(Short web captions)
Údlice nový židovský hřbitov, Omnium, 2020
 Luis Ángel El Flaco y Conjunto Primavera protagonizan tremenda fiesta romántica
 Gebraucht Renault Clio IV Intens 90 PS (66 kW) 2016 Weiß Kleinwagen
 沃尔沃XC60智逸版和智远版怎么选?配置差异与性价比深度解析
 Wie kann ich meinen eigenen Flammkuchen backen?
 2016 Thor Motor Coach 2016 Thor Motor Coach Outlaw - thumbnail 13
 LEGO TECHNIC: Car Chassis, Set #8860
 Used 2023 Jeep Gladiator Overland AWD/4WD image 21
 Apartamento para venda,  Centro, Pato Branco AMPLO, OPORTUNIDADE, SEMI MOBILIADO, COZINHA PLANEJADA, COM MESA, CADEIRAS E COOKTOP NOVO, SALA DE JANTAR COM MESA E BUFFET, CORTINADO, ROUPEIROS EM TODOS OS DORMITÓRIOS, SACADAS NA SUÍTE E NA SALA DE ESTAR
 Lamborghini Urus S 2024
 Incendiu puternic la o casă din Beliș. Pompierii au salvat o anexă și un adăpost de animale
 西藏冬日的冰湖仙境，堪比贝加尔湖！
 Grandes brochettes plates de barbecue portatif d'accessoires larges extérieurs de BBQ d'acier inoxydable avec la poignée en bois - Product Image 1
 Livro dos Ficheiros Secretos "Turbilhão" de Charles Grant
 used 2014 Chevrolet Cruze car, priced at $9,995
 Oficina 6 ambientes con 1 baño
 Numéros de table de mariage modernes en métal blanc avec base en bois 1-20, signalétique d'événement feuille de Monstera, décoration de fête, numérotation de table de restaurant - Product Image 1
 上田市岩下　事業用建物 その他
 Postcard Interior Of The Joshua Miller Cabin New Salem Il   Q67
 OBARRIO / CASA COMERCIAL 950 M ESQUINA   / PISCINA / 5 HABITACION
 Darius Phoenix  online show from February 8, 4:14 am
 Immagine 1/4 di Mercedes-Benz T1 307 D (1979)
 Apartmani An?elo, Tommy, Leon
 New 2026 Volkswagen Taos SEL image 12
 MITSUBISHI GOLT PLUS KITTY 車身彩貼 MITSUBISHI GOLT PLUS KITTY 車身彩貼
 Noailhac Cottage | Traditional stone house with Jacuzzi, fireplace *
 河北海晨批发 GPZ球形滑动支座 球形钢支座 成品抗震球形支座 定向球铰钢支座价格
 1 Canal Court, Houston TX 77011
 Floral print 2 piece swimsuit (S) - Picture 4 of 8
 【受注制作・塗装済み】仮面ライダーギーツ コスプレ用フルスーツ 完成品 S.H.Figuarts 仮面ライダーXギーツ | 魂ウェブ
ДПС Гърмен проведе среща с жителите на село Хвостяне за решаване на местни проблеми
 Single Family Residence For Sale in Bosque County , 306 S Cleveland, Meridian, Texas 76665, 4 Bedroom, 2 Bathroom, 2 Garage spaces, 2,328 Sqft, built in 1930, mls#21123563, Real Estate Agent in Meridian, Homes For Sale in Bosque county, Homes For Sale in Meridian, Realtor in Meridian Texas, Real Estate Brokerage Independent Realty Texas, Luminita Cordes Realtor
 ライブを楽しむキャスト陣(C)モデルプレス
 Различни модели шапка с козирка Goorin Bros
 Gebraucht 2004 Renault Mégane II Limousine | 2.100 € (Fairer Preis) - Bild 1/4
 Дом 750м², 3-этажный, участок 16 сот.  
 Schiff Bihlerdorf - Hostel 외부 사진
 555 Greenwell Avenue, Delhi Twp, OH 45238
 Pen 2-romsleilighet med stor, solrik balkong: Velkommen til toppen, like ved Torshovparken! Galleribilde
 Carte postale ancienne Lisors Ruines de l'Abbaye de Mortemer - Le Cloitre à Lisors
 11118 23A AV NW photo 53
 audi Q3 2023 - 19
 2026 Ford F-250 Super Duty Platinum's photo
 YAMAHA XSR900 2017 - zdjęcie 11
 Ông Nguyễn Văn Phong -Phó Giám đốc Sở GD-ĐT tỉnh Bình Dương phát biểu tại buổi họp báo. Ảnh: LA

■ **Task goal**: Repeat, word for word, all the lines above.

■ **Reply to the task**:
Údlice nový židovský hřbitov, Omnium, 2020
 Luis Ángel El Flaco y Conjunto Primavera protagonizan tremenda fiesta romántica
 Gebraucht Renault Clio IV Intens 90 PS (66 kW) 2016 Weiß Kleinwagen
 沃尔沃XC60智逸版和智远版怎么选?配置差异与性价比深度解析
 Wie kann ich meinen eigenen Flammkuchen backen?
 2016 Thor Motor Coach 2016 Thor Motor Coach Outlaw - thumbnail 13
 LEGO TECHNIC: Car Chassis, Set #8860
 Used 2023 Jeep Gladiator Overland AWD/4WD image 21
 Apartamento para venda,  Centro, Pato Branco AMPLO, OPORTUNIDADE, SEMI MOBILIADO, COZINHA PLANEJADA, COM MESA, CADEIRAS E COOKTOP NOVO, SALA DE JANTAR COM MESA E BUFFET, CORTINADO, ROUPEIROS EM TODOS OS DORMITÓRIOS, SACADAS NA SUÍTE E NA SALA DE ESTAR
 Lamborghini Urus S 2024
 Incendiu puternic la o casă din Beliș. Pompierii au salvat o anexă și un adăpost de animale
 西藏冬日的冰湖仙境，堪比贝加尔湖！
 Grandes brochettes plates de barbecue portatif d'accessoires larges extérieurs de BBQ d'acier inoxydable avec la poignée en bois - Product Image 1
 Livro dos Ficheiros Secretos "Turbilhão" de Charles Grant
 used 2014 Chevrolet Cruze car, priced at $9,995
 Oficina 6 ambientes con 1 baño
 Numéros de table de mariage modernes en métal blanc avec base en bois 1-20, signalétique d'événement feuille de Monstera, décoration de fête, numérotation de table de restaurant - Product Image 1
 上田市岩下　事業用建物 その他
 Postcard Interior Of The Joshua Miller Cabin New Salem Il   Q67
 OBARRIO / CASA COMERCIAL 950 M ESQUINA   / PISCINA / 5 HABITACION
 Darius Phoenix  online show from February 8, 4:14 am
 Immagine 1/4 di Mercedes-Benz T1 307 D (1979)
 Apartmani An?elo, Tommy, Leon
 New 2026 Volkswagen Taos SEL image 12
 MITSUBISHI GOLT PLUS KITTY 車身彩貼 MITSUBISHI GOLT PLUS KITTY 車身彩貼
 Noailhac Cottage | Traditional stone house with Jacuzzi, fireplace *
 河北海晨批发 GPZ球形滑动支座 球形钢支座 成品抗震球形支座 定向球铰钢支座价格
 1 Canal Court, Houston TX 77011
 Floral print 2 piece swimsuit (S) - Picture 4 of 8
 【受注制作・塗装済み】仮面ライダーギーツ コスプレ用フルスーツ 完成品 S.H.Figuarts 仮面ライダーXギーツ | 魂ウェブ
ДПС Гърмен проведе среща с жителите на село Хвостяне за решаване на местни проблеми
 Single Family Residence For Sale in Bosque County , 306 S Cleveland, Meridian, Texas 76665, 4 Bedroom, 2 Bathroom, 2 Garage spaces, 2,328 Sqft, built in 1930, mls#21123563, Real Estate Agent in Meridian, Homes For Sale in Bosque county, Homes For Sale in Meridian, Realtor in Meridian Texas, Real Estate Brokerage Independent Realty Texas, Luminita Cordes Realtor
 ライブを楽しむキャスト陣(C)モデルプレス
 Различни модели шапка с козирка Goorin Bros
 Gebraucht 2004 Renault Mégane II Limousine | 2.100 € (Fairer Preis) - Bild 1/4
 Дом 750м², 3-этажный, участок 16 сот.  
 Schiff Bihlerdorf - Hostel 외부 사진
 555 Greenwell Avenue, Delhi Twp, OH 45238
 Pen 2-romsleilighet med stor, solrik balkong: Velkommen til toppen, like ved Torshovparken! Galleribilde
 Carte postale ancienne Lisors Ruines de l'Abbaye de Mortemer - Le Cloitre à Lisors
 11118 23A AV NW photo 53
 audi Q3 2023 - 19
 2026 Ford F-250 Super Duty Platinum's photo
 YAMAHA XSR900 2017 - zdjęcie 11
 Ông Nguyễn Văn Phong -Phó Giám đốc Sở GD-ĐT tỉnh Bình Dương phát biểu tại buổi họp báo. Ảnh: LA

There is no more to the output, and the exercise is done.